Gregor Samsa’nın bir böceğe dönüşümü, modern dünya edebiyatının en meşhur anlatılarından biri olma özelliğini bugün de koruyor. Son derece absürt ve baştan sona gerçeküstü olay örgüsü, 1915’te yayımlanan novellanın yarattığı olağanüstü etkide önemli bir pay sahibi olmakla birlikte esasen Dönüşüm’ü modern düzyazının köşe taşlarından biri haline getiren, hiç şüphesiz Kafka’nın edebi tasavvurunun radikal doğasıdır.
Kafka’nın en özgün anti-kahramanı olan hikâyenin başkarakteri Gregor Samsa, ailesinin borçlarını ödemek uğruna tükenme noktasına gelmiştir ve grotesk dönüşümü, kendisini kurban ettiği bu zilletin fiziksel bir tezahürüdür aslında: “Gregor Samsa bir sabah huzursuz düşlerden uyandığında kendisini yatağında korkunç bir
böceğe dönüşmüş buldu.”
Metin, Samsa’nın dönüşümden önceki hali hakkında hiçbir bilgi sunmaz bize; sadece bu çifte haliyle, dev bir böceğin bedenindeki pazarlamacının bilinciyle tanırız onu.
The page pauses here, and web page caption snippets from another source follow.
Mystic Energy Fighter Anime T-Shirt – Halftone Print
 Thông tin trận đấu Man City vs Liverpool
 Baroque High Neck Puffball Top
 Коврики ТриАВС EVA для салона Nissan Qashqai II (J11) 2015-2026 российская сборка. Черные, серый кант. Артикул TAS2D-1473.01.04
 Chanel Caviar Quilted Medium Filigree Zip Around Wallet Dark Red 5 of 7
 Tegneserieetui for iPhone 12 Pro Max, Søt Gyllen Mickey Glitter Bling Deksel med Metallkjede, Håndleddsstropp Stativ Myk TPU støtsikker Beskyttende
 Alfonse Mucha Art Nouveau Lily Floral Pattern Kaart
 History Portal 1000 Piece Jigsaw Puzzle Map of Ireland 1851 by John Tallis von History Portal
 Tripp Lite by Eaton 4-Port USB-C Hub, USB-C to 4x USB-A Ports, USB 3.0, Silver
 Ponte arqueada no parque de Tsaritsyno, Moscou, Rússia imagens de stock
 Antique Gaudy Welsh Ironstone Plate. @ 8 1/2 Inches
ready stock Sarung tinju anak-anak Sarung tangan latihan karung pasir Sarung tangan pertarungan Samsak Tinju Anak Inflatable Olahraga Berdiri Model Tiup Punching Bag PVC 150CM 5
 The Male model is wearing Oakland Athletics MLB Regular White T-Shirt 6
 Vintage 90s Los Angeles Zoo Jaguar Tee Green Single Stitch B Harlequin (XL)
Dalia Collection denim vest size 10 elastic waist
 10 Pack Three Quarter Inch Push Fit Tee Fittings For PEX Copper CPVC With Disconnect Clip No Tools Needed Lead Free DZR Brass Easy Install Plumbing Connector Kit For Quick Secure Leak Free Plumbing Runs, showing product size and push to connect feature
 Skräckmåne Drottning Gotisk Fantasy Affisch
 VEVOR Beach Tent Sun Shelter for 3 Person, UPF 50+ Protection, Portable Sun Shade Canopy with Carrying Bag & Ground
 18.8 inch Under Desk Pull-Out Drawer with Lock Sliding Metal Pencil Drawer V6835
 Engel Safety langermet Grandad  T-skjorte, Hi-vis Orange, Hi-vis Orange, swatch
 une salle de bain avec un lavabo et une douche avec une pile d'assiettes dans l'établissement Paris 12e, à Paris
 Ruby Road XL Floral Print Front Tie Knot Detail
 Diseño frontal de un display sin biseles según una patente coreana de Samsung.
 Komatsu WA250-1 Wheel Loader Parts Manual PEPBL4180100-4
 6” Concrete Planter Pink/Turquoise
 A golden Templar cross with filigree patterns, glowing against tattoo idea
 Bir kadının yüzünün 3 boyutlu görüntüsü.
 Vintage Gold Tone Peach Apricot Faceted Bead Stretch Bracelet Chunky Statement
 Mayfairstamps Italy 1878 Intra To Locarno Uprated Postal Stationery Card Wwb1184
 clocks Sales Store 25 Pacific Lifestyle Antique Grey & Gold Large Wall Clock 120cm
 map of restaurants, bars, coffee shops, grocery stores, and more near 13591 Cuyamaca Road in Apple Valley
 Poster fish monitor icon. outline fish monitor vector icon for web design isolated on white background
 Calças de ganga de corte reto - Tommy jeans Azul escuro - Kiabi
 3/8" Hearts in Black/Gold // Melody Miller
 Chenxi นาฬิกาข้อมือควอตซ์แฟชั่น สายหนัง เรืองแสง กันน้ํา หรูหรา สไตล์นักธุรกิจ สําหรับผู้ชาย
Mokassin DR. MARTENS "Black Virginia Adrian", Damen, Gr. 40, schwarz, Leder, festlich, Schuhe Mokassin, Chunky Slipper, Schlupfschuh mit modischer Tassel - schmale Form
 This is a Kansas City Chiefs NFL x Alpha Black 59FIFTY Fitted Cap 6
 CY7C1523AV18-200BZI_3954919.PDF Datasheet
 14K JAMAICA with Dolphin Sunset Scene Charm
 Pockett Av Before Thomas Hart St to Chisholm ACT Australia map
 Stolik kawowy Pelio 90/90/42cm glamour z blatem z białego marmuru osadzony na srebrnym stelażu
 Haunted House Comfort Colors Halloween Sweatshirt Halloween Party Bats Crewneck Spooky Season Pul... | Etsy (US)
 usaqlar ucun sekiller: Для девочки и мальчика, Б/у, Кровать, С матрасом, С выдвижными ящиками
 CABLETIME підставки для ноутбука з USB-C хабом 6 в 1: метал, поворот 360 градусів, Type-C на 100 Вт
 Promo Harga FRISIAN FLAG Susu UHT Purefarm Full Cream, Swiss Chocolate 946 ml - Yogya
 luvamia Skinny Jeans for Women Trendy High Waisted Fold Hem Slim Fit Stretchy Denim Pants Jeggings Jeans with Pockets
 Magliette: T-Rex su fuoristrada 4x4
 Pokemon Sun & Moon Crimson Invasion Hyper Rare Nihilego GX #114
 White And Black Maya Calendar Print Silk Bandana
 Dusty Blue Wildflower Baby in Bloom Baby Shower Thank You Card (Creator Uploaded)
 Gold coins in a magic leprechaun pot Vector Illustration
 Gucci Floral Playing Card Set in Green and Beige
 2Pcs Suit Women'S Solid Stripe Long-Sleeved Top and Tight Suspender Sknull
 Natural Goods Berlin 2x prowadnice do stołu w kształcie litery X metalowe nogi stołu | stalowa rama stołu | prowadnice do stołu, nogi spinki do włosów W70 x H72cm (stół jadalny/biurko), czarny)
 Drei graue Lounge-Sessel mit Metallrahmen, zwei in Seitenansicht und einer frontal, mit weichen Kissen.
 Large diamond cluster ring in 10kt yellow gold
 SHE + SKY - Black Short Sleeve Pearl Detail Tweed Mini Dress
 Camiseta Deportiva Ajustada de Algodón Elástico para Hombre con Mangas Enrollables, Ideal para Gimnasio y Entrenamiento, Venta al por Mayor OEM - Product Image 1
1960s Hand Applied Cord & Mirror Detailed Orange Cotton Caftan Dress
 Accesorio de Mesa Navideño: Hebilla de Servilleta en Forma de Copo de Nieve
Ama bu sabahki uyanış bir mutasyon değil, yalnızca bir farkındalık anıdır belki de. “Uyanmış” ve günlük çalışma hayatının anlamsızlığını, insan sıcaklığından tamamen yoksun olduğunu, duygusal yaşamının sefilliğini, en önemlisi de kendi bedenine ve onun ihtiyaçlarına yabancılaştığını fark edivermiştir!
Modern insanın farkına varmak bir yana, giderek kanıksadığı bu Dönüşüm hikâyesi, çevirmenin anlatının poetik akışı uyarınca soluk alıp verircesine yoğurduğu işlek dili ve dünyada ilk kez yayımlanan desenleriyle şimdi Türkçede yepyeni bir seyre koyuluyor.